While some like to joke that the battle between the writers and the studios is just a scuffle between the merely rich and the mega-rich, in truth, the median wage for the 11,500 guild members is $84,000 a year. And in any given year, only half the guild members are actually employed.

All of the Venice panel support themselves by screenwriting--most in fact, quite well. Yet, none has enough money that he or she never has to worry about money again. Even the threat of a strike has taken its toll on these writers.

"I don't know what it's done to marriages at this table, but I've been insufferable," says Lilien, who worked for several months last year on the upcoming "Pearl Harbor."

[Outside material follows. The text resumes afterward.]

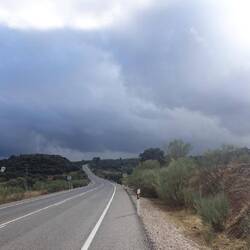 Die letzten Regenwolken, zumindest solls im Ort dahinter nicht mehr regnen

"I've been walking around for six months going, 'This is the apocalypse.' Because the bottom line is that most writers will find a way to get through, but there will be some Darwinian weeding out."

It's a phrase that sends visible shudders through the other writers, as a few choke back weakly, "Darwinian weeding out. . . ."

"There will be a lot of people who don't make it, and the thing that worries me is that our negotiating team is made up of some very successful people," Lilien says. (The guild is led by John Wells, one of the executive producers of NBC's "ER" and "The West Wing.") "They have to understand that in the 1988 strike [which lasted 22 weeks] I was lucky because I somehow hung on, but it devastated me financially. There are people out there who I just hope that this [strike] won't turn them away--because they have talent."

Indeed, for most working writers, whose careers are divided into hot streaks and cold spells, a strike can mean a crucial loss of momentum--as important to a writer as it is to a basketball team. "The saddest thing is [a career] is all about flow," says Lilien. "A bump like this undoes three years of hard work."

"In normal times, it's not easy getting work. It's so erratic," says Shusett. "When you realize you're not allowed to work, it's terrifying."

"There's a corporate culture in place to keep writers disenfranchised, to make writers anonymous and replaceable," says Puryear. "I think it was John Gregory Dunne who said, 'In Hollywood, the word writers is always used in the plural, as in I can always get more writers.' "

Not Just Dollars, but Respect Too

To a person, the writers agree with union demands for better residuals for foreign sales and cable TV. Burke is happy that the guild minimums are slated to go up. "Not everyone hits a million-dollar payday on their first spec sale--the ones you don't read about on the front page of Variety," she says.

A fourth of the working members of the guild only make the minimum, which is $88,614 for an original screenplay, but $23,611 for a rewrite and $11,800 for a polish, either of which could easily consume six months of a writer's time. They all chortle when they think that all that separates the two sides (according to the WGA figures) is $100 million spread over three years.

"You know what $100 million buys you? One bad movie!" crows Puryear.